3. おひとりさまが将来困らないために考えておくべき3つのこととは

おひとりさまは将来的に増えていくと見込まれていますが、単独世帯を対象にした制度はあまり検討されていないのが現状といえるでしょう。

また、おひとりさまは将来的に思わぬトラブルに直面することも懸念されます。

ここでは、おひとりさまが将来困らないために、考えておくべき3つのことを確認していきましょう。

3.1 「身元保証人」を誰に頼むか考えておく

厚生労働省は身元保証人がいないことだけを理由に入院・入所を拒否しないように通知を発出(2018年) し、身寄りがない人のための入院支援ガイドラインを作成(2019年) しました。

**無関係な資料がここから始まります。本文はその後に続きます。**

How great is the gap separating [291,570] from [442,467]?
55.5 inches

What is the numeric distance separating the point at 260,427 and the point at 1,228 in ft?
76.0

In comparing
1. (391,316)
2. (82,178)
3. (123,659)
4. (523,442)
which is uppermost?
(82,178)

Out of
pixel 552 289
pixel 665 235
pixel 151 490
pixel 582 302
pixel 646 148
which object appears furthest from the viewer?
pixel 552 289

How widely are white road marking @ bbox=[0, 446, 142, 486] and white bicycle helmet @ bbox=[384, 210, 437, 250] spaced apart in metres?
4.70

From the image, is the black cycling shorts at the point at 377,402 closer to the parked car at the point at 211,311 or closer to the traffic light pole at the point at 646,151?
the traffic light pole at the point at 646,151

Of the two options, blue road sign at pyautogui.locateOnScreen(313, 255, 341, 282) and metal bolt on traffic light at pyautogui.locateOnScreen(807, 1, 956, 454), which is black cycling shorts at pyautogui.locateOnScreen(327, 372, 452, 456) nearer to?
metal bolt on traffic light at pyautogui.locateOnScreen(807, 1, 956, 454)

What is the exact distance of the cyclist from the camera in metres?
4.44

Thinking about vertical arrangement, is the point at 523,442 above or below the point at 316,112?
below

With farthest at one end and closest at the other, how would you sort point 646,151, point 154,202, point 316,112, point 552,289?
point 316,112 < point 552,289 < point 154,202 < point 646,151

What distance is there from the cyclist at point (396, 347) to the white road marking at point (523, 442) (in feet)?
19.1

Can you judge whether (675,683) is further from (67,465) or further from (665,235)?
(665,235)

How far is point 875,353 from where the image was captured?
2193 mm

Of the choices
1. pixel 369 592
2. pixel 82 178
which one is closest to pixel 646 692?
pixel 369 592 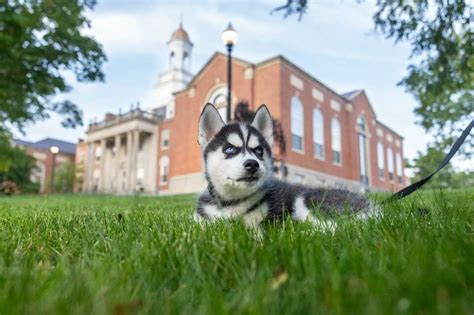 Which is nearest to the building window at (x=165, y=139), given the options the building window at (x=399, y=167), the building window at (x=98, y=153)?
the building window at (x=98, y=153)

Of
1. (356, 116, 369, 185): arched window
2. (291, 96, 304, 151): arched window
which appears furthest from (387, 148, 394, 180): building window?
(291, 96, 304, 151): arched window

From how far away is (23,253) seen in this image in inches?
79.3

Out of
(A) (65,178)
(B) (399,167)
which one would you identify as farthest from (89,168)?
(B) (399,167)

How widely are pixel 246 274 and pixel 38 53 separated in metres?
14.9

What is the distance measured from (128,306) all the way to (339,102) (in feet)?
124

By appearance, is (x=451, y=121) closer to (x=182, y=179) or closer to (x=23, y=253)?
(x=182, y=179)

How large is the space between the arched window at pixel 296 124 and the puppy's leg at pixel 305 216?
26588 mm

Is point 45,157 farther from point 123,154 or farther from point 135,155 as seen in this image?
point 135,155

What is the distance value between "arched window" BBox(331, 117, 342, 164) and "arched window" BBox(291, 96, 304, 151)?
5.90 m

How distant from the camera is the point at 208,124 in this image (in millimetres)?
3584

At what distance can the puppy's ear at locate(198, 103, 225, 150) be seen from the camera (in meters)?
3.46

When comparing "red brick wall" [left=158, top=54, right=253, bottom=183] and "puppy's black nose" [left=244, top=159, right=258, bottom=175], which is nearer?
"puppy's black nose" [left=244, top=159, right=258, bottom=175]

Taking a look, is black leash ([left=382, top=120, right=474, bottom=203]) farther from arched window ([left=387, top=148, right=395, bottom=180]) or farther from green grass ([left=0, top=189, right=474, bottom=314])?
arched window ([left=387, top=148, right=395, bottom=180])

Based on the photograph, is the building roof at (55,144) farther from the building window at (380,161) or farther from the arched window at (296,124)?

とはいえ、現状は入院や施設入所の際に身元保証人を求める病院や施設がほとんどで、かつ身元保証人がいないことを理由に断られたケースもあるようです。

総務省「高齢者の身元保証に関する調査(行政相談契機)-入院、入所の支援事例を中心として 〔調査結果の公表〕」は、身元保証人が用意できない場合の対応についての調査結果を公表しています。

身元保証人のいない人が入院・入所する際の厳しい現実がうかがえます。

「成年後見制度」や「身元保証会社」について調べておいたり、おひとりさまの友人間で助け合いを約束したりしておくことをおすすめします。

3.2 「任意後見制度」などを活用し、老後のことを決めておく

子どものいる人は、将来自分がどのような介護を受けたいのか伝えることも可能でしょう。

また、我が子が自分の性格や好みを把握してくれていれば、自分に合った介護サービスや施設を探してくれるかもしれません。

一方、おひとりさまの場合、老後はどのように暮らしたいかや、どういった施設に入居したいかなどを伝えておける人はなかなかいないかと思われます。

また、判断力が衰えた際には、財産や不動産の管理も問題になってくるでしょう。

大切なことを決められなくなる前に「任意後見制度」などを活用し、あらかじめ決めておくのがおすすめです。

この制度を活用すれば不動産や預貯金の管理を事前に決めたとおりに行ってもらえたり、介護サービスや施設入所の契約をスムーズに行えるようになったりします。

ただし、状況というものは変わるものなので、すべて決めたとおりになるという保証はありません。

3.3 なんらかのかたちで社会や人とつながるコミュニティをもつ

単身で暮らす高齢者は変化や異変に気づいてもらいにくいため、福祉サービスへのアクセスが遅れるケースもあります。

こうした事態を防ぐためにもデイサービスや訪問介護サービス、配食サービスを積極的に利用したり、習い事や地域コミュニティに参加したりすることをおすすめします。

週に何度か、1回につき数分でもかかわる人がいれば異変に気づいてもらいやすくなったり、場合によっては自宅まで様子を見に来てくれたりする可能性が高まると言えるでしょう。

4. まとめにかえて

おひとりさまの中には人間関係にとらわれず、自由気ままに生きたいと考える人は多いと見てとれます。

厚生労働省の調査結果では「行動や生き方が自由」が男女ともに多くの回答を集めました。また、同調査からは「家族を養う責任がなく、気楽」と考える人が年々増加傾向にあることが読み取れます。

とはいえ、何かあった際に頼りになるのが他者の存在。現代社会はおひとりさまでも十分に生きていけますが、単身世帯の高齢者や病気のおひとりさまには厳しい側面もあります。

さまざまなパターンを予想し、いくつかの対応策を決めておくことをおすすめします。